Roundup: 3rd, 6th, 10th and 11th Circuits

No future injury means no injunctive relief; Test clarified in hostile work environment case; Medical condition justified termination; Arbitration clause enforceable for bank overdraft fee disputes

3rd Circuit: No future injury means no injunctive relief

The 3rd Circuit decided March 6 in McNair v. Synapse Group Inc. that plaintiffs must show that they are likely to suffer future injury from defendants’ conduct in order to receive injunctive relief.

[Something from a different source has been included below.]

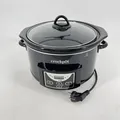 Produktbild: Crockpot Schongarer Slow Cooker | 4,7 l (bis zu 5 Personen) | programmierbare Ze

Each of the plaintiffs in McNair had purchased a magazine subscription through consumer magazine distributor Synapse, which would automatically renew the subscriptions unless subscribers canceled them. The plaintiffs claimed Synapse tricked them into renewing their subscriptions by disguising automatic renewal notices as junk mail. The group filed a class action lawsuit against the company, seeking injunctive relief.

Synapse opposed the suit, arguing that the plaintiffs couldn’t seek injunctive relief because they wouldn’t suffer any future damages. A trial court declined to certify the class because of the plaintiffs’ individualized issues. On appeal, the 3rd Circuit concluded that the plaintiffs didn’t have standing to seek injunctive relief because they couldn’t prove that they would suffer future injuries from Synapse’s conduct.

6th Circuit: Test clarified in hostile work environment case 

The 6th Circuit recently clarified that an employee must be expressly aware of harassment directed at his co-workers in order to use their collective experiences in his individual case alleging that he works in a hostile work environment.

In Berryman v. SuperValu Holdings Inc., a group of current and former SuperValu warehouse employees sued their employer, claiming their workplace was rife with racist comments and pranks. A district court granted SuperValu’s motion for summary judgment, finding that the acts the plaintiffs described were disgraceful but didn’t constitute a hostile work environment.

On Feb. 24, the 6th Circuit affirmed the decision and also clarified the “totality of the circumstances” test, which courts use to weigh hostile work environment claims by considering the frequency of discriminatory acts, their severity, whether they are physically threatening or humiliating, and whether they interfere with job performance. The court explained that a plaintiff in a hostile work environment case must be aware of allegedly discriminatory acts directed at co-workers in order to use their evidence in his individual case. The Berryman plaintiffs didn’t demonstrate that they were “individually aware of the harassment experienced by other plaintiffs,” the court said.

10th Circuit: Medical condition justified termination

The 10th Circuit ruled Feb. 10 in DeGraw v. Exide Technologies that a company was justified in terminating a worker who it believed couldn’t do his job due to his medical condition.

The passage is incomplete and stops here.